• _WHAT THE EXERCISE ASKS_
In your copy, each record should read exactly as it does below, and no pictures should be present.

-*-

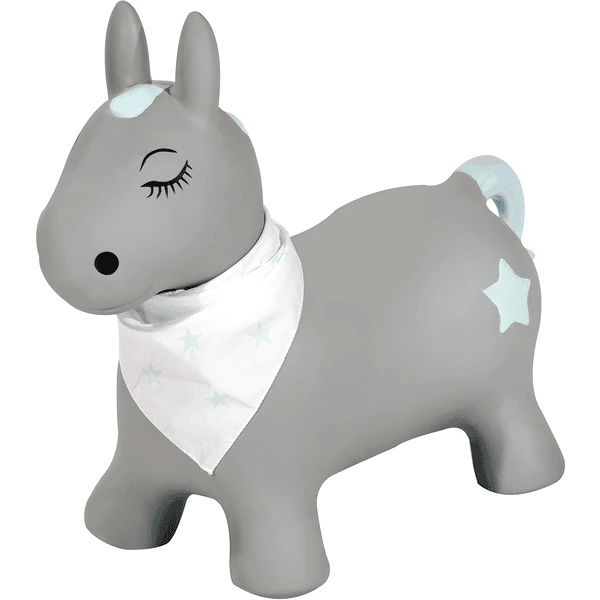 KINDSGUT Springbeest Pony 3 KINDSGUT Springbeest Pony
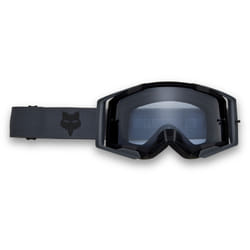 FOX Airspace Core Occhiali da motocross, grigio per uomo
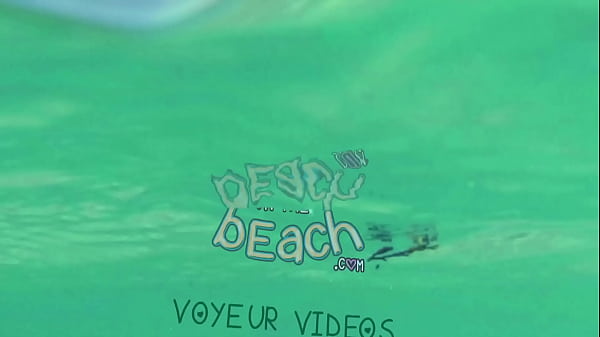 Play MP4 - Epic Tanlines and big fake blonde tits with a pierced nip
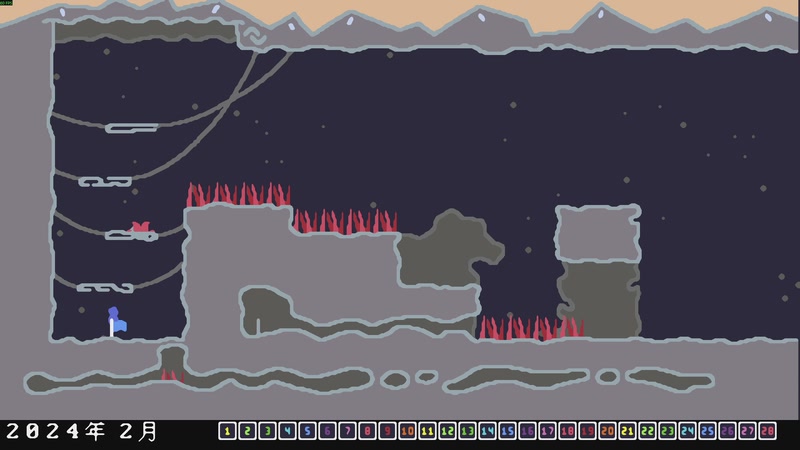 【2026-01-12 23点场】一番少侠29：【29】闰跃之年 leap year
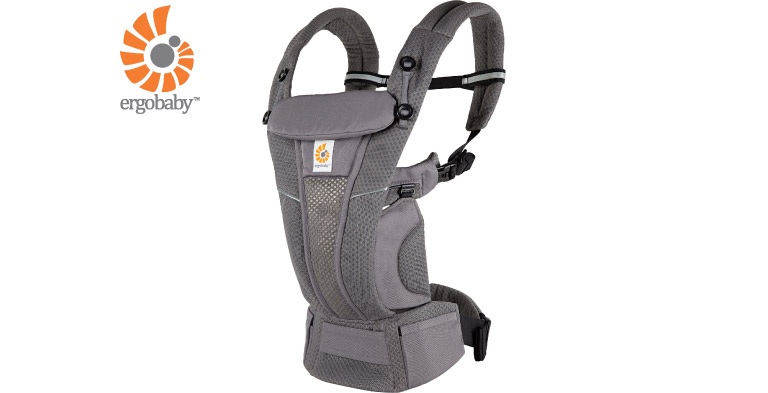 エルゴベビー ベビーキャリア｜フレフレママ 出産応援キャンペーン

-*-

• _SOLVED EXERCISE_
 KINDSGUT Springbeest Pony 3 KINDSGUT Springbeest Pony
 FOX Airspace Core Occhiali da motocross, grigio per uomo
 Play MP4 - Epic Tanlines and big fake blonde tits with a pierced nip
 【2026-01-12 23点场】一番少侠29：【29】闰跃之年 leap year
 エルゴベビー ベビーキャリア｜フレフレママ 出産応援キャンペーン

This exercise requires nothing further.